> _WHAT IS NEEDED_: Word for word, restate the lines from the top of the records below through the line with "a white house", both included, with no pictures in the result.
----------------------------------------
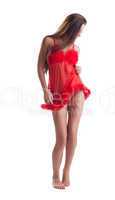 Image of slim young brunette in red negligee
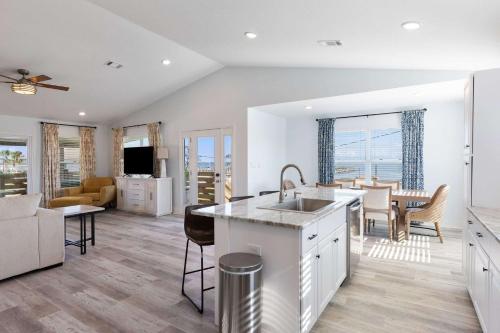 a kitchen and living room with a sink and a table at Blue Beak Bungalow in Pensacola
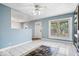 Open-concept living and kitchen area with tile floors and a front door letting in plenty of light at 1170 N Concord St, Indianapolis, IN 46222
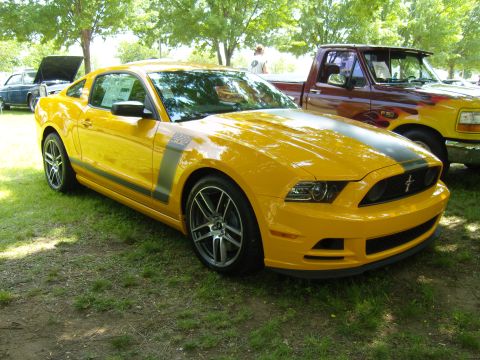 2007 Ford Mustang - A yellow 2012 Ford Mustang Boss 302 is parked on grass next to a pickup truck under trees.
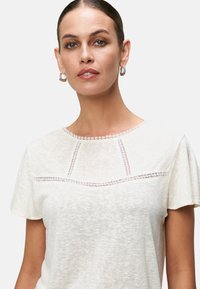 Crème korte mouwen t-shirt van textured stof, met ingewikkelde kantdetails langs de halslijn en de bovenste voorkant.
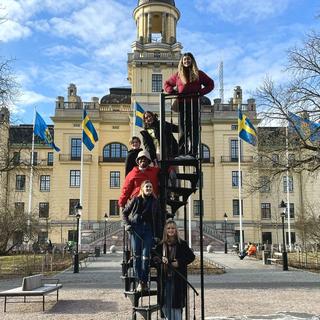 students pose on a slide in front of an old building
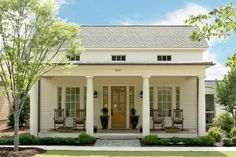 a white house with porches and chairs on the front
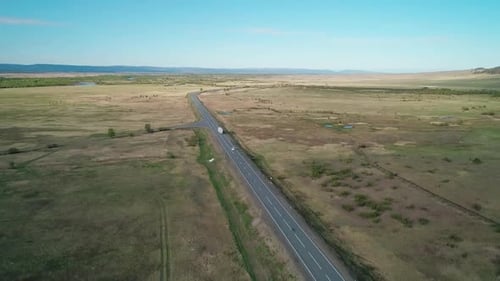 Aerial View of an Intercity Asphalt Road in Rural Area Road Between Fields with Rare Trees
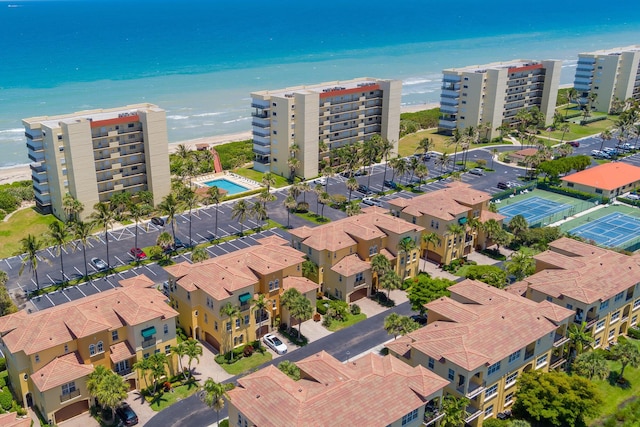 aerial view featuring a water view and a beach view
----------------------------------------
> _RESPONSE AREA_:
 Image of slim young brunette in red negligee
 a kitchen and living room with a sink and a table at Blue Beak Bungalow in Pensacola
 Open-concept living and kitchen area with tile floors and a front door letting in plenty of light at 1170 N Concord St, Indianapolis, IN 46222
 2007 Ford Mustang - A yellow 2012 Ford Mustang Boss 302 is parked on grass next to a pickup truck under trees.
 Crème korte mouwen t-shirt van textured stof, met ingewikkelde kantdetails langs de halslijn en de bovenste voorkant.
 students pose on a slide in front of an old building
 a white house with porches and chairs on the front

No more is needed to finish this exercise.